The snow has fallen in many parts of the country, and back country skiing and riding has awakened from its summer slumber. With snow coverage conditions improving, we must remember to be safe. Avalanche danger will rise and fall through-out the season as the snowpack varies. One day the conditions can be stable, while the next day they may be unsafe. In just a quick instance the snowpack can change. One thing that remains constant is the mountainous terrain we choose to travel through. As an IFMGA certified guide and heli-ski guide in the Ruby Mountains of Nevada, planning is an integral part of my life. Whether planning for an expedition ski trip, a heli-skiing day or a backcountry tour, the overall process is very similar. Here are some quick tips on navigating avalanche terrain to help aid your backcountry experience.
Plan ahead with a tour plan:
Get a map for the area of your future backcountry destination. Take time before you leave the comfort of your house to study the terrain on the map. Plan your ski runs and also take notice on the map where avalanche paths exist. Outline a safe ascent route to your objective, as well as an ideal way to descend. Be sure you have alternative descent routes. Doing this, will insure you have safe options. Don’t forget you can also go down the way you came up!
This is a great tool for looking at avalanche terrain, possible ski lines, and future adventures around the world. Instead of reading the comic’s, check out the terrain you plan to ski/ride on Google Earth. You’ll be surprised by how useful this tool is!

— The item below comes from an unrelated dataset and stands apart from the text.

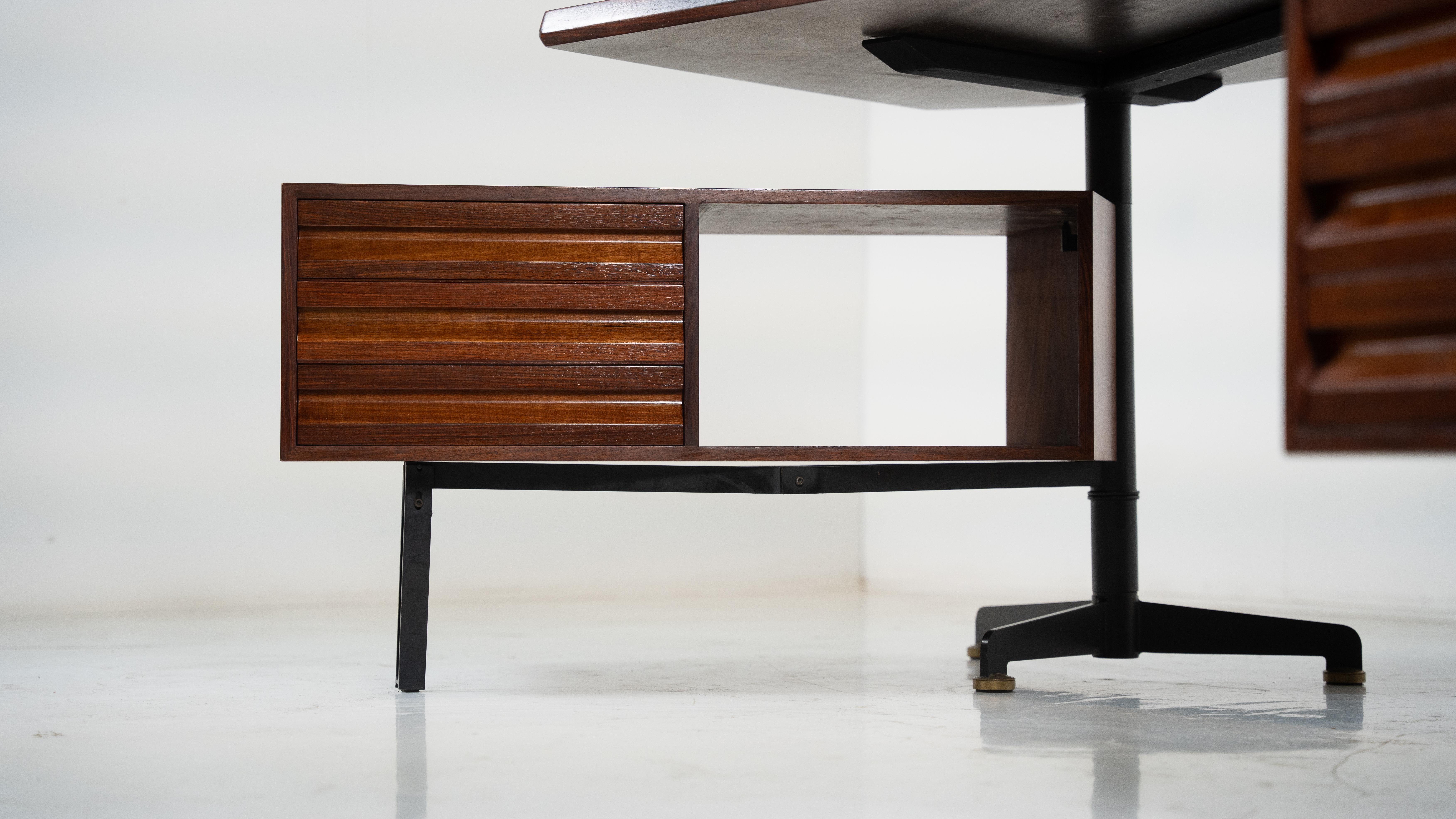 Mid-20th Century Boomerang T96 Desk by Osvaldo Borsani for Tecno, Italy, 1960s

Conditions are constantly changing. The stable deep powder snow you had yesterday may no longer exist. Rapid winds, increased temperatures, and other factors can quickly transform the snowpack. Be willing to change your tour plan as conditions might dictate.
Staying high in the terrain
Staying high in the terrain means to travel on ridge lines and broad shoulders. This travel technique is preferable while ascending uphill. These terrain features should be your preferred line of ascent. Doing this might add an additional 10 minutes to your tour, but it allows for better views of scenery, possible ski lines, and a safer ascent. Try to minimize unnecessary travel in avalanche terrain while ascending.
Avoid terrain traps
Nasty, deadly, and unnecessary. A terrain trap is defined as a terrain feature that can increase the consequences of being caught in an avalanche. Avoid gullies, creek beds, drainages, and abrupt slope transitions where avalanche debris can pile up deeply. Even the small avalanches can leave a victim buried deep in a terrain trap. The gladed slopes that are so fun on a powder day, could also end up being a terrain trap if you are pushed into the trees during an avalanche. A snow slope above trees, crevasse fields, and/or cliffs can also be dangerous. An avalanche course is a great way to learn, practice, and execute these skills. Plan ahead, prepare, and get after it!